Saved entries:
┄┄┄┄┄┄

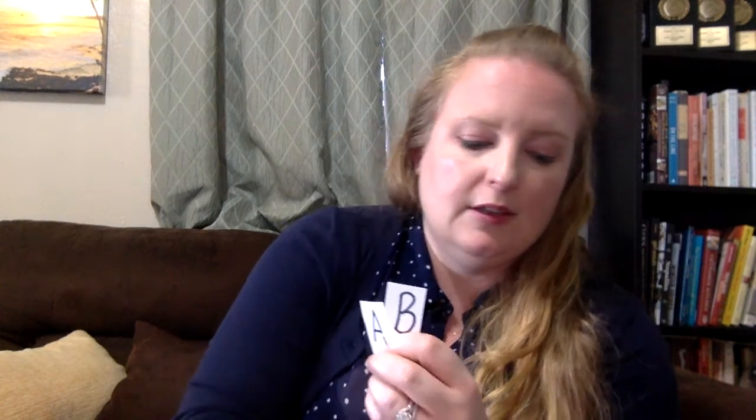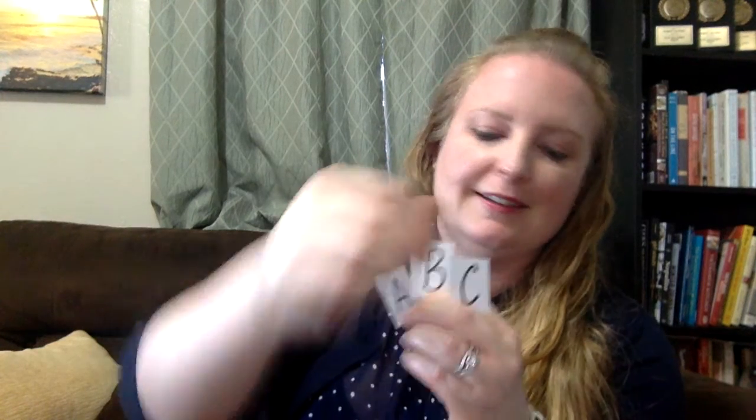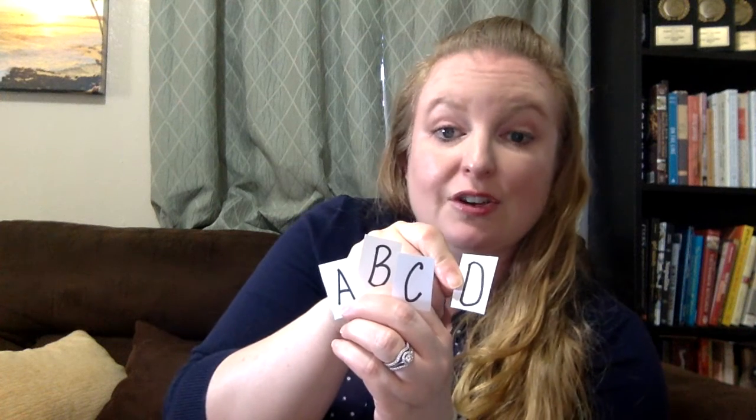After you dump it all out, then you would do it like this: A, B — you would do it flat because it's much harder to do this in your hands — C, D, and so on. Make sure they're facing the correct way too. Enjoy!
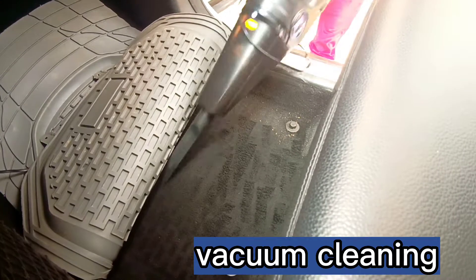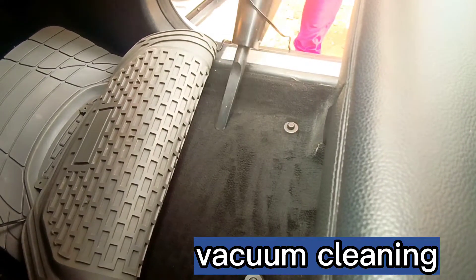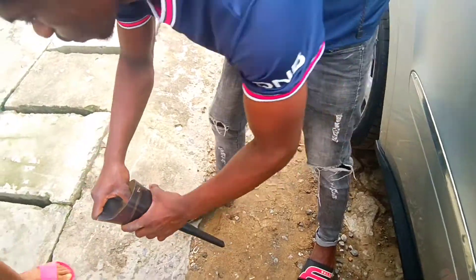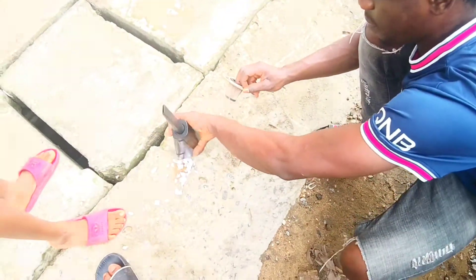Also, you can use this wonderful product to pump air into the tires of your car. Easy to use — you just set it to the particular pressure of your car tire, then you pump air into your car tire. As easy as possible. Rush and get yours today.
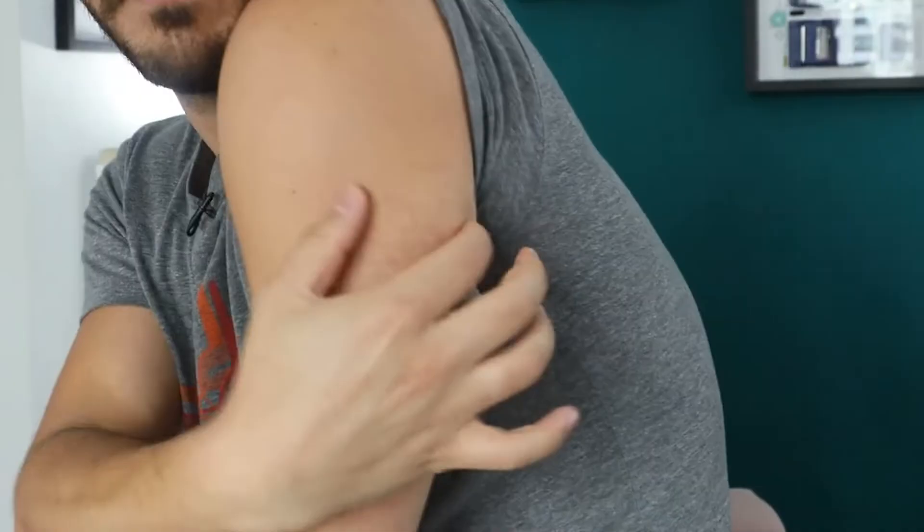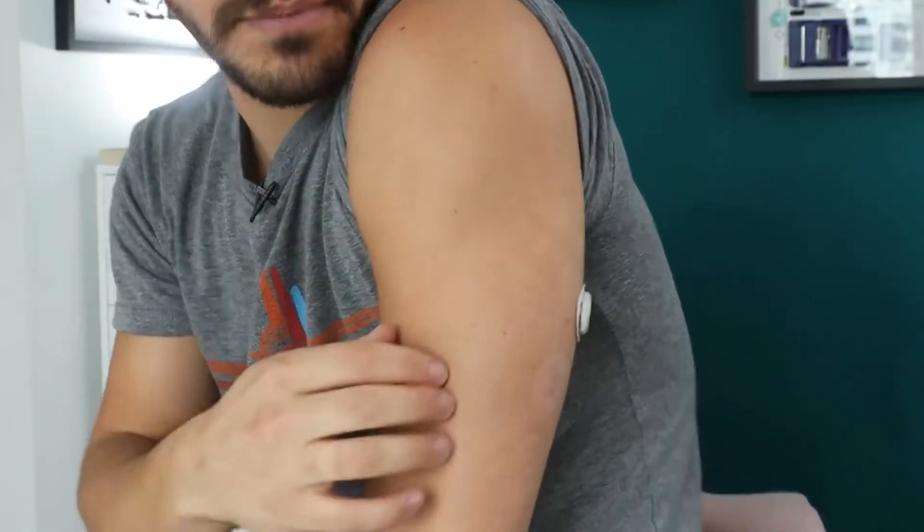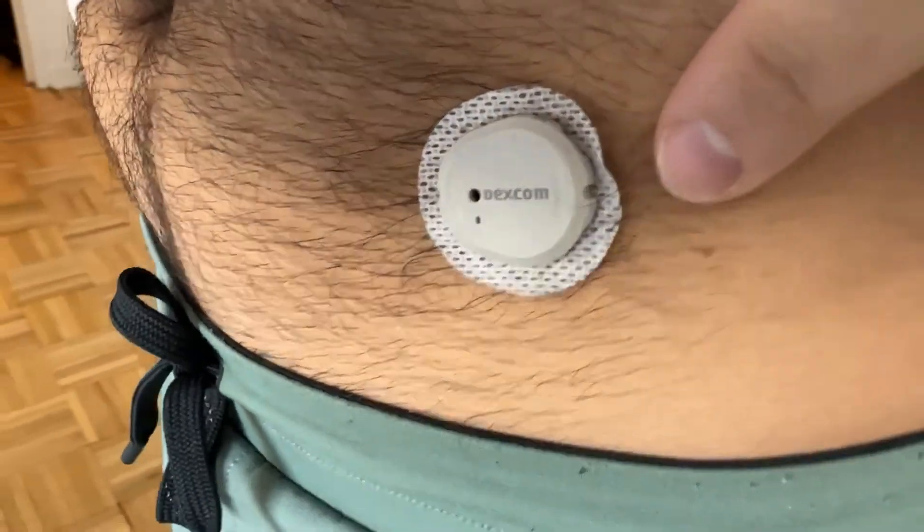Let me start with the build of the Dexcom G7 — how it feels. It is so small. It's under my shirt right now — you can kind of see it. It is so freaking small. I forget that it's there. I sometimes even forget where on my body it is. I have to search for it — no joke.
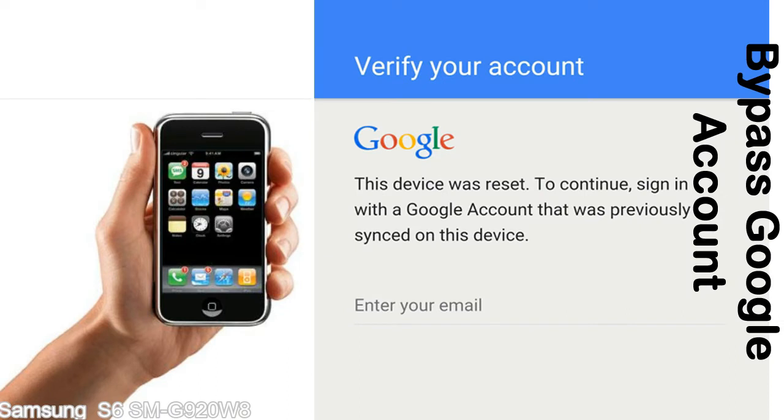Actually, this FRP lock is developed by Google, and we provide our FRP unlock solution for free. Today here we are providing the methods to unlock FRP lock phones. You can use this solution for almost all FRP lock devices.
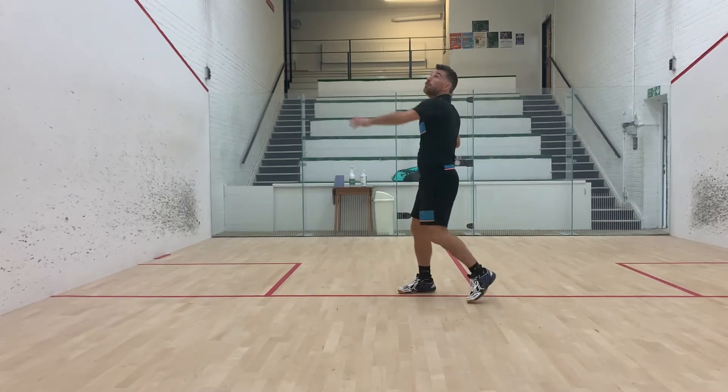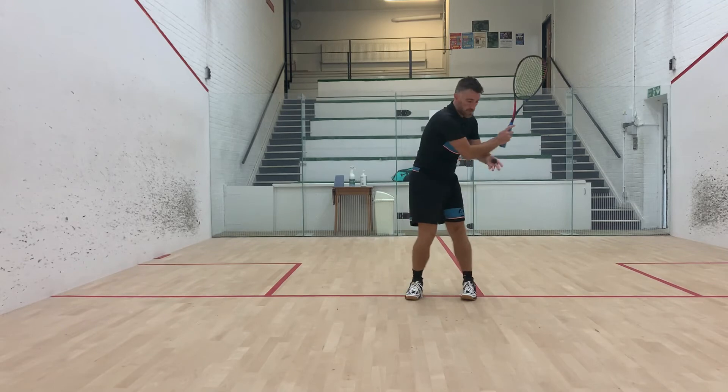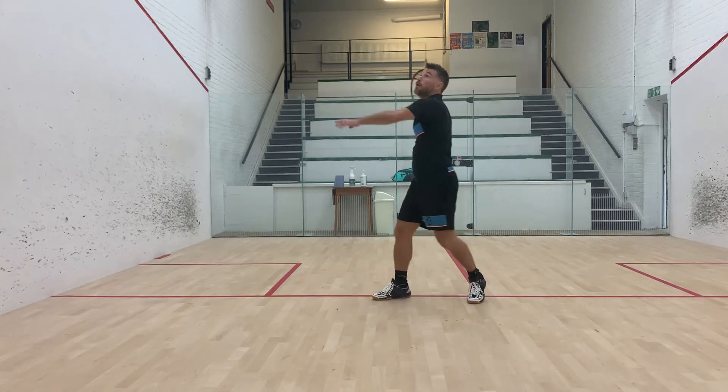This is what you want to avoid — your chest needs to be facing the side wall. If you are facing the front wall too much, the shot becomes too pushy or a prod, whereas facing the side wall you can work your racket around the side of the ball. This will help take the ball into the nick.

┄┄┄┄┄┄

### EXERCISE DETAILS:
Starting with the line that contains "Actually, this FRP", print every remaining line of the records above, exactly as it stands. Do not print the pictures.

### WRITTEN ANSWER:
Actually, this FRP lock is developed by Google, and we provide our FRP unlock solution for free. Today here we are providing the methods to unlock FRP lock phones. You can use this solution for almost all FRP lock devices.
This is what you want to avoid — your chest needs to be facing the side wall. If you are facing the front wall too much, the shot becomes too pushy or a prod, whereas facing the side wall you can work your racket around the side of the ball. This will help take the ball into the nick.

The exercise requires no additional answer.